Guided by an exotic twang that speaks to the western soul in all country/folk crossovers, “Me and You” might be the most retro composition on the whole of Chris St. John’s new album Fly Away, but it’s also one of the most soulful. Our singer’s vocal is pristinely preserved between gilded strings and eloquent percussion nudging bittersweet harmonies forth, and much like the acoustic cut of the title track, the lyrics are made all the stronger through the melodic disposition of the arrangement.

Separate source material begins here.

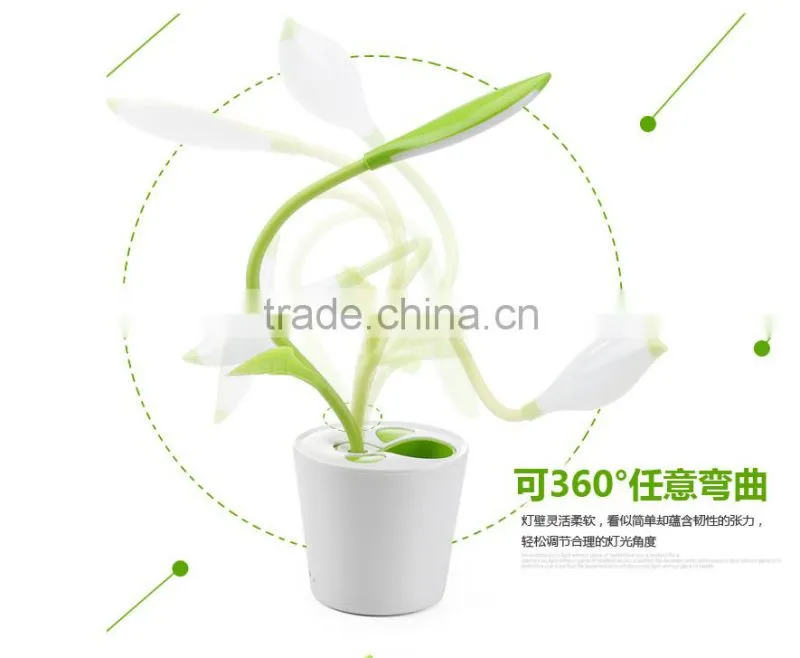 Modern Sapling Pen - holder Desk Light Lithium Battery Led Table Lamps with Touch Dimmer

Everything in Fly Away is produced to draw us closer with warmth and simplistic melodicism as accessible as it is endearing, and from the ambitious sway of “I Still Love You” to the unassumingly epic “I Just Knew (Wedding Version),” there isn’t a spot of filler to skip over here. St. John takes a page from John Denver and James Taylor with the structure of this tracklist, but in songs like “My Sunrise” and “Walk Between the White Lines,” it’s clear that the stories he wants to tell are his and his alone. This is as intimate a record as I could ask for this summer, but not a piece that feels centered on the personality of its creator alone.
The harmonies in “I Need a Horse,” “Disappear,” “I Just Knew,” and “Look For Me” immediately add capitalization to the words that St. John is singing to us, and I like that he’s going out of his way in this mix to get us as much melodic charm as possible. It never comes across as saccharine but instead quite personal, which is something I’ve been wanting more out of the singer/songwriter content I’ve been reviewing in the past few months. There’s no isolated tone to the lyrics in “Hold On” or “Me and You;” St. John gains nothing by keeping himself on an island with his verses, and he rightly stays more observational in style than he ever does self-contained. There’s a strength behind him with these string arrangements that is telling of what he could do with an even bigger band in the studio, but I can also appreciate the depth he’s able to present with little more than a few session players helping him to construct a foundation for Fly Away.
There are a lot of people trying to break into the singer/songwriter genre right now because of its trending status in the American mainstream, but of the underground players that I have been paying closer attention to, I believe Chris St. John to be among the very best in the business. His new album has an accessible nature that could get a lot of country fans into the modern folk beat, and perhaps even vice versa, but the real story here is the melodic daggers that St. John is seemingly able to dispense at will. He’s got so much charisma at the microphone in this LP, and if Fly Away is just a preview of what he’s still got in the tank, his success will only get more significant.